Much has been written about what is needed to train a new cadre of ministers—both young adults and mid-career people--but I might as well add my own two cents worth.   I do this not as an expert in the field but as a minister who loves the church and has been encouraging and equipping its potential leaders for most of my life.  It seems that there are four major components that are necessary to form men and women to serve the church today.

First, seminary students need to be guided in spiritual formation.  They need to know how to “feed themselves” and relate to their Creator.  We once assumed that students came to seminary knowing how to pray, spend time in fellowship with God, and meditate on scripture.  We were wrong then, and we certainly cannot expect these skills from students—especially young adults—coming from a postmodern, post-Christendom society.  Students need to learn and practice spiritual disciplines that will help them to grow as disciples.

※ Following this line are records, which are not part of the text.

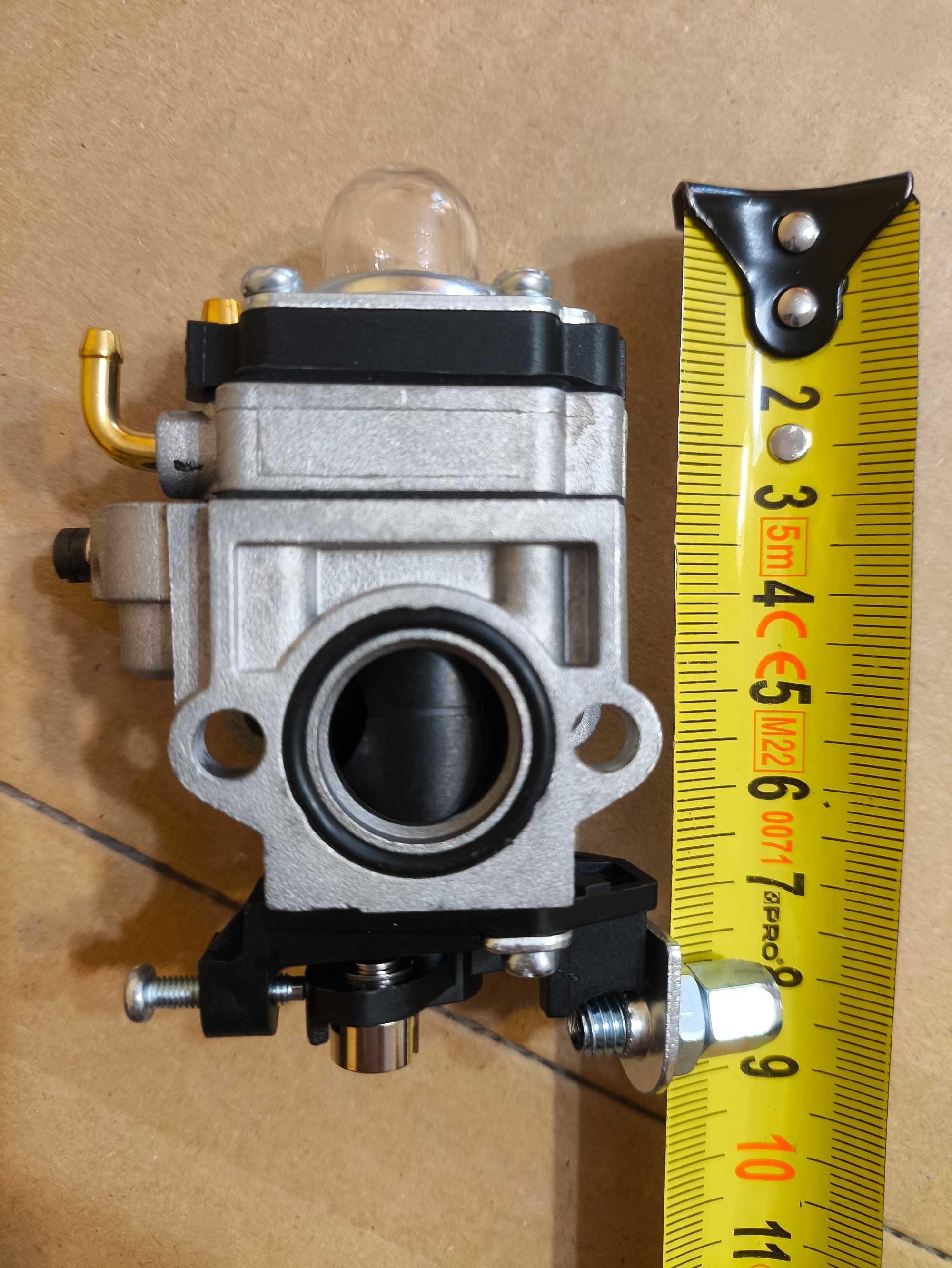 Gaźnik do 95% Kosy Spalinowej Kosiarki Podkaszarki 15 mm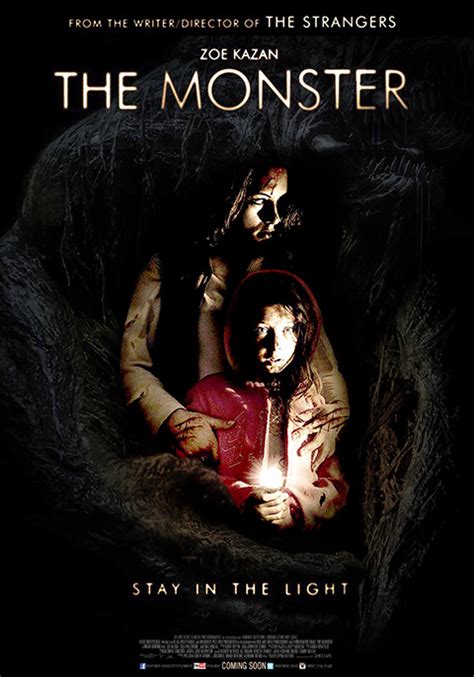 The Monster Poster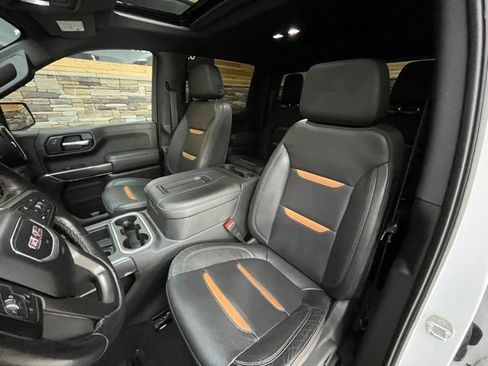 Used 2021 GMC Sierra 1500 AT4 w/ AT4 Preferred Package AWD/4WD image 33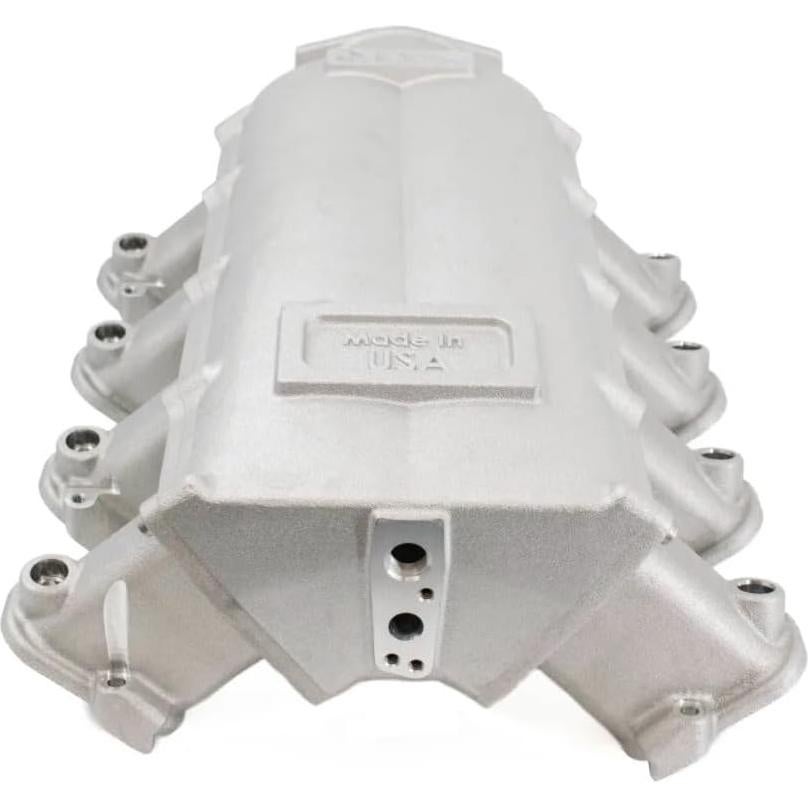 Colector de Admisión BTR Trinity LS3 Acabado Natural V2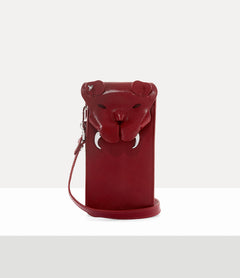 VIVIENNE WESTWOOD Men's Tiger Phone Bag | 西太后 男仕電話袋 (多色) - LondonKelly 英國名牌代購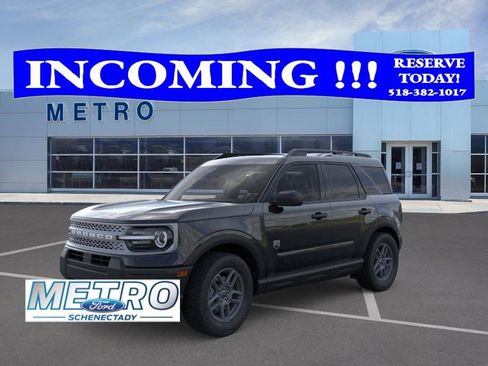 New 2026 Ford Bronco Sport Big Bend image 2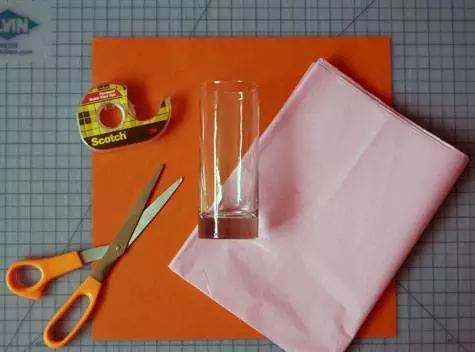 手工花灯制作方法,怎么做花灯简单手工视频图10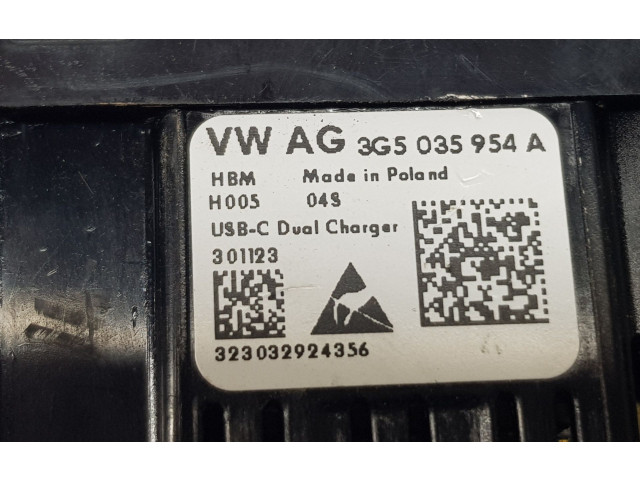 Блок управления 3G5035954A, 3G5035954A   Cupra Formentor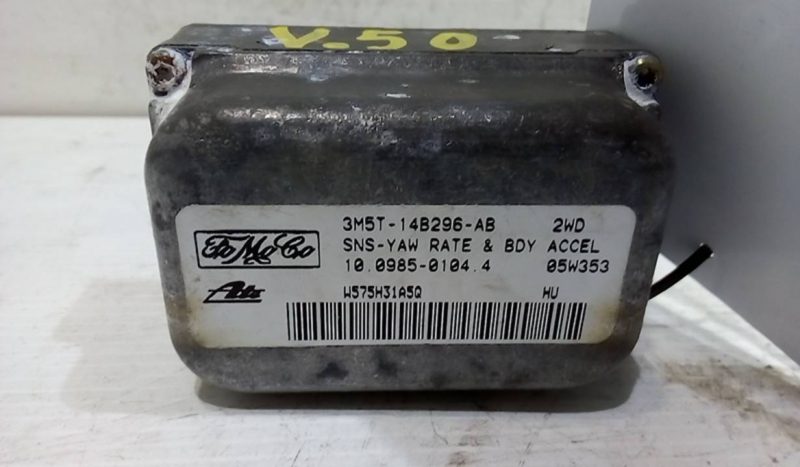 Modulo ESP VOLVO - ID S_71564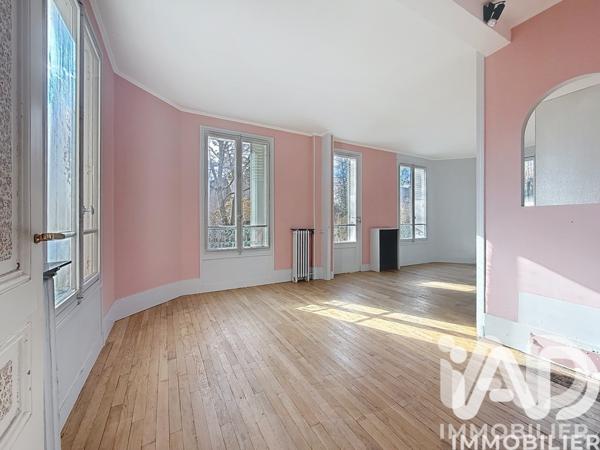 Maison à vendre 9 pièces 160 m² Saint-Leu-la-Forêt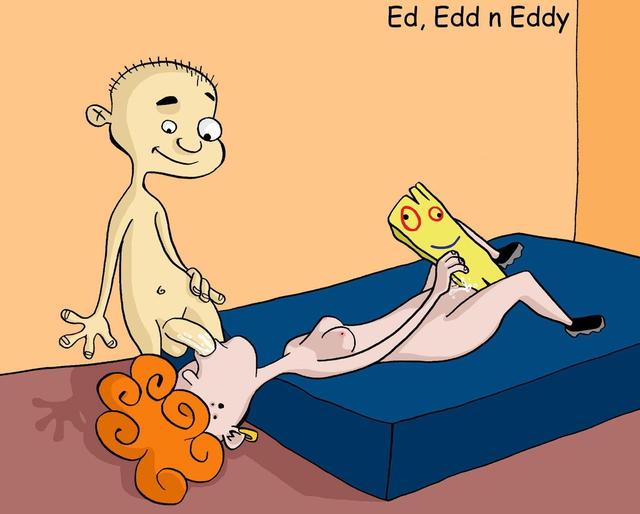 ed edd eddy hentai hentai porn cartoon anime photo edd eddy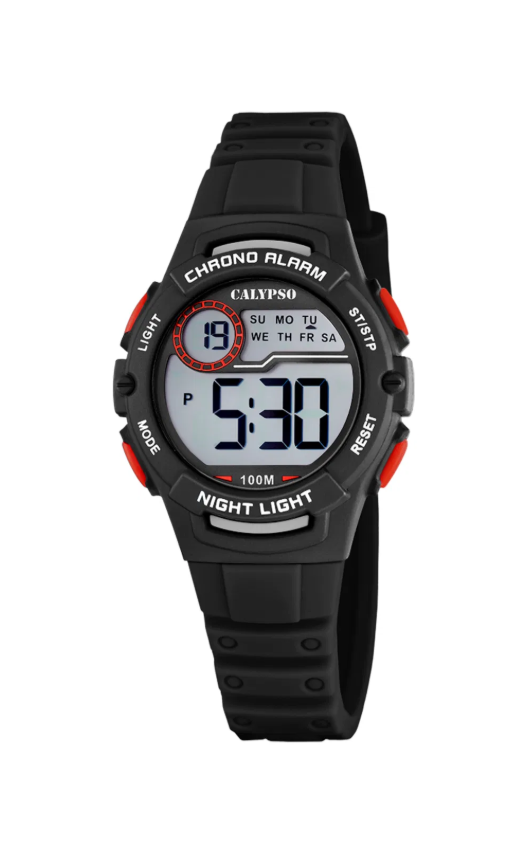 Calypso Digital Børneur K5852/6
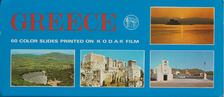 Greece - 60 color slides printed on kodak film [antikvár]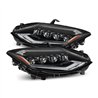 AlphaRex | Projector Headlights Alpha Black - Z 3.0T 2023-2024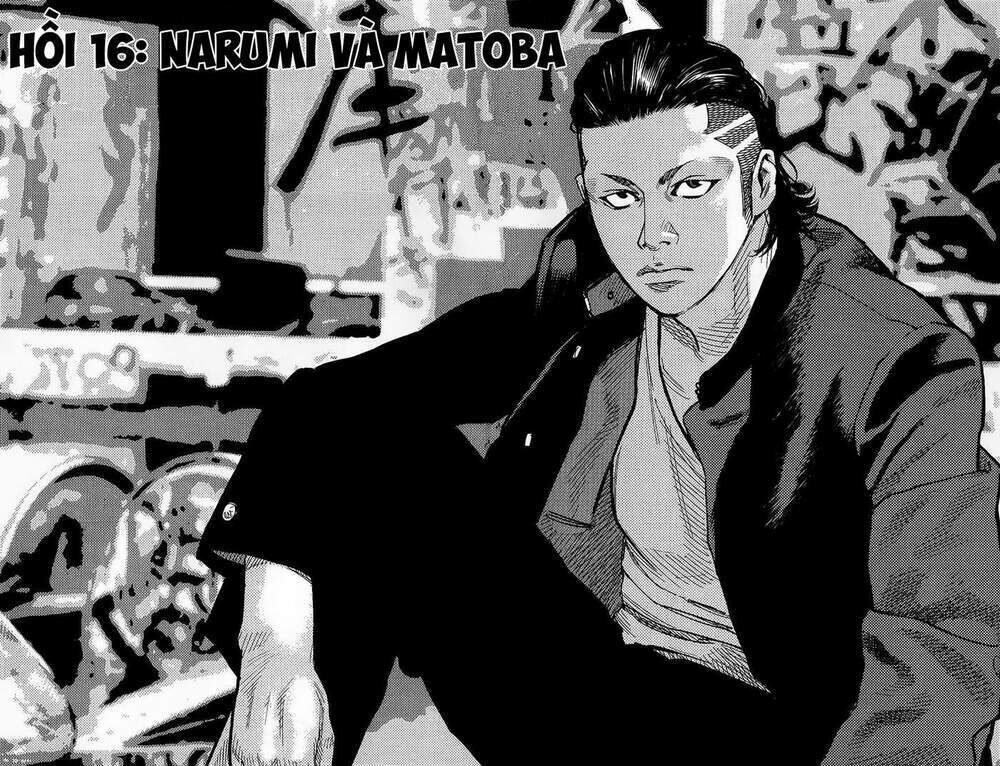 crows zero 2 chapter 16 - Trang 2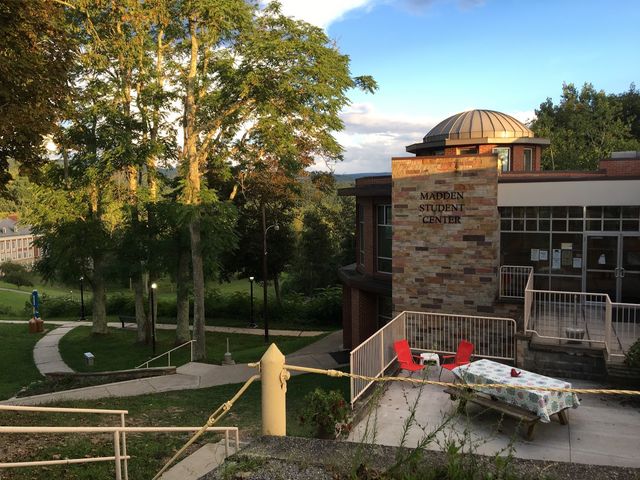 Photo of Davis & Elkins College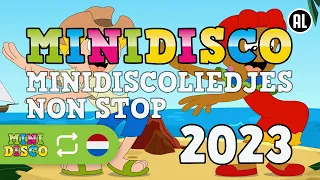 MINIDISCO 2023 NON STOP | Kinderliedjes | Minidisco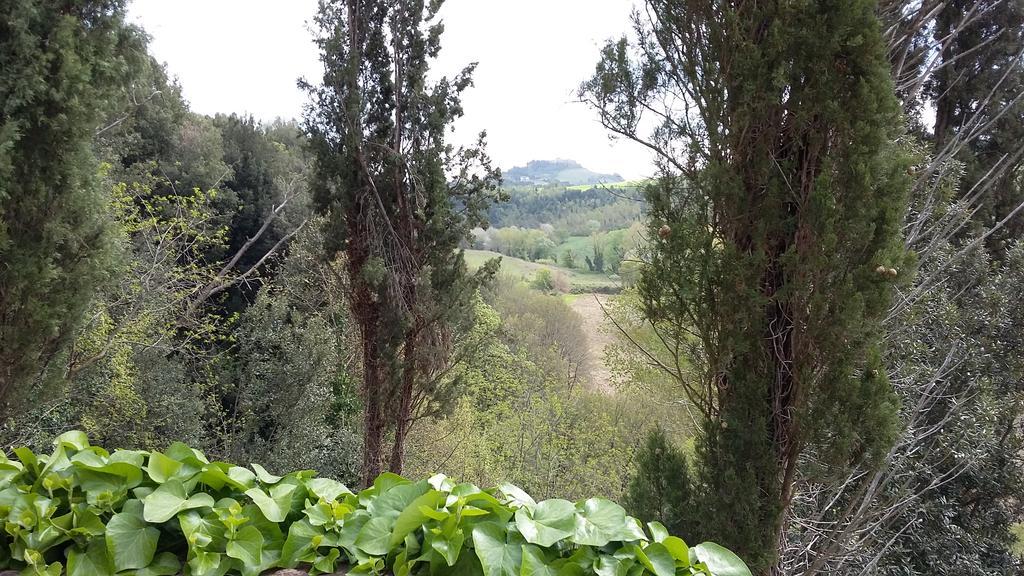 Agriturismo Alle Rose فولتيرا المظهر الخارجي الصورة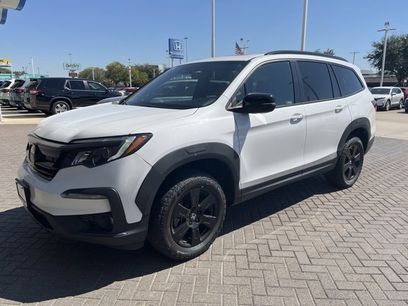 Used 2022 Honda Pilot TrailSport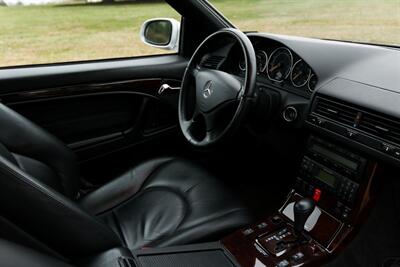 2002 Mercedes-Benz SL 500   - Photo 70 - Rockville, MD 20850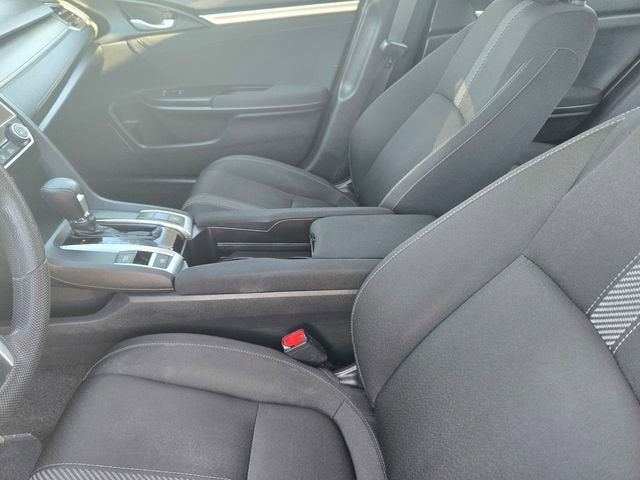 2018 Honda Civic Sedan EX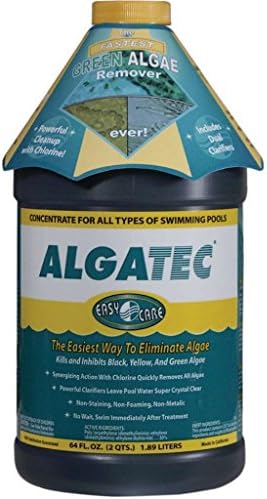 Algatec Synergy Algaecide-Water Clarifier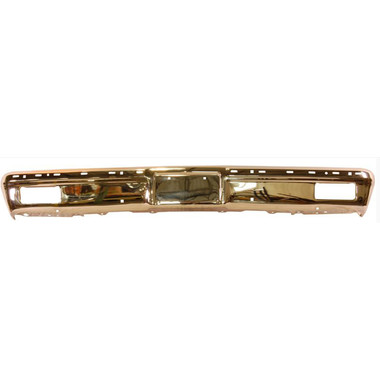 Upgrade Your Auto | Replacement Bumpers and Roll Pans | 81-82 Chevrolet Blazer | CRSHX13138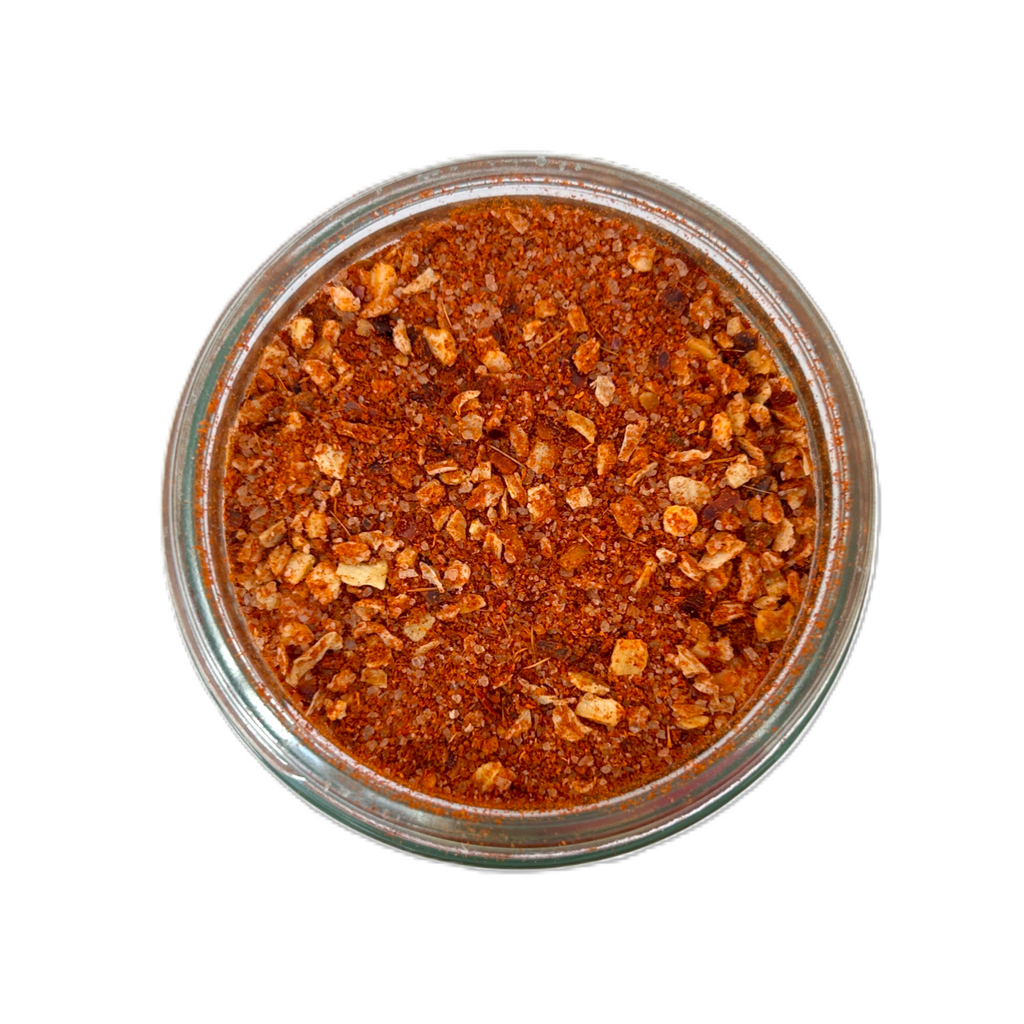 Southwestern Flavor Low Sodium: YACK-ety YACK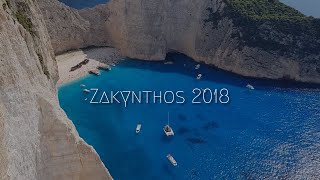 Zakynthos 2018  Greece [upl. by Mella553]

Second, theological formation must still be a primary focus in a seminary student’s education.  He or she must be exposed to the best of biblical and theological scholarship in order to mine the riches of the Christian faith.  Although we must become more involved in interfaith work if we are to do effective ministry in the 21st century, the Christian student must first understand his or her own tradition before entering into dialogue with proponents of other faiths.

Third, students must understand the contextual nature of ministry.  Students need to know the history of the Christian tradition and the shifting paradigms out of which the church has witnessed and served.  “We have always done it this way” is neither a correct nor an informed perspective when it comes to the work of the church.  Ministry is always contextual, so the well-equipped minister must acquire historical and anthropological skills.

Fourth, contemporary ministers need to have excellent skills in communication.  In our 24/7 media world, the only way that the Gospel will get a hearing is by being communicated effectively through spoken word, written word, and the visual arts--both in person and virtually.  Effective ministers need to be excellent story-tellers using all of the media at their disposal.

Finally, ministers in training must be involved in formation through praxis—involvement in the work of the local church, judicatories, and service organizations.  They need to be doing the work of ministry in partnership with trained mentors and coaches who can help them understand what they are experiencing and build their ministry identities on those experiences.

Seminaries, divinity schools, and other theological institutions are creating, implementing and learning from new models and strategies to prepare students to serve Christ and the church, but these five areas—spiritual formation, theological formation, contextual formation, communication formation and ministry praxis formation—are essential to that process.